- Action item
As the answer, set down the lines below from the one containing "Serum albumin test" through the one containing "同仁堂祛痘印痘坑修復淡化痘坑修復凹洞黑色素沉淀淡化去痘痘和痘印粉刺 一盒裝【祛痘淡印】 曬單實(shí)拍圖", exactly and inclusively, and no others.

- Records from a dataset

——

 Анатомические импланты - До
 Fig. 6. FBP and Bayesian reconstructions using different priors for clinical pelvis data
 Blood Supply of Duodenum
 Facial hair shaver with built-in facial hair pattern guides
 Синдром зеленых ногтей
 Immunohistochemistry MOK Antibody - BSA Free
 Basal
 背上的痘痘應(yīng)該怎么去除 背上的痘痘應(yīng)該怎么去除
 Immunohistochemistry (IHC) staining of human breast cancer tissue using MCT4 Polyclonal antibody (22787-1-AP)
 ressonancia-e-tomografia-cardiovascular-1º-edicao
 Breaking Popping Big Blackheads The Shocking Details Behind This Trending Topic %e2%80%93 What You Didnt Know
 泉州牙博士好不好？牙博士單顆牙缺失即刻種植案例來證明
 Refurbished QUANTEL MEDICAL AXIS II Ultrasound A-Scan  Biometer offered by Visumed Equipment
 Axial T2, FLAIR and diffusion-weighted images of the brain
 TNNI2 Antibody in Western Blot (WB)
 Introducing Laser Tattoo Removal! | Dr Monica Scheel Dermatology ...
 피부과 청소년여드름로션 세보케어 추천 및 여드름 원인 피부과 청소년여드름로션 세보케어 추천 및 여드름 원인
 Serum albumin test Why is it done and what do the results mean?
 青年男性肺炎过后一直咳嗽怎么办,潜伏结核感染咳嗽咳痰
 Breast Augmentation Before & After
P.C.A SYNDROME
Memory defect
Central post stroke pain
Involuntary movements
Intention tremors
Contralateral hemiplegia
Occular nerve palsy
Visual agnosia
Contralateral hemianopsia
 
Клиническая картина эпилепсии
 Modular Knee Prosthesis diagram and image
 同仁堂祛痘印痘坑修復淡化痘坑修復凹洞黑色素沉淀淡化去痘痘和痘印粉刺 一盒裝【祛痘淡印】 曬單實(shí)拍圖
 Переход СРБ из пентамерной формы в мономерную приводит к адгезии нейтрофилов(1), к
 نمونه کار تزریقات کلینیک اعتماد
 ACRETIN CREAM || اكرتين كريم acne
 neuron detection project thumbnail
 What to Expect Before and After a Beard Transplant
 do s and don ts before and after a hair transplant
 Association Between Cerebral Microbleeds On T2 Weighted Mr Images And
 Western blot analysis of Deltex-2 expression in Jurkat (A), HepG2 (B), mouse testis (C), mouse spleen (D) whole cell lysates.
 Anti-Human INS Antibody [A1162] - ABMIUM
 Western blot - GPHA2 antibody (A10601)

——

- Completed exercise
 Serum albumin test Why is it done and what do the results mean?
 青年男性肺炎过后一直咳嗽怎么办,潜伏结核感染咳嗽咳痰
 Breast Augmentation Before & After
P.C.A SYNDROME
Memory defect
Central post stroke pain
Involuntary movements
Intention tremors
Contralateral hemiplegia
Occular nerve palsy
Visual agnosia
Contralateral hemianopsia
 
Клиническая картина эпилепсии
 Modular Knee Prosthesis diagram and image
 同仁堂祛痘印痘坑修復淡化痘坑修復凹洞黑色素沉淀淡化去痘痘和痘印粉刺 一盒裝【祛痘淡印】 曬單實(shí)拍圖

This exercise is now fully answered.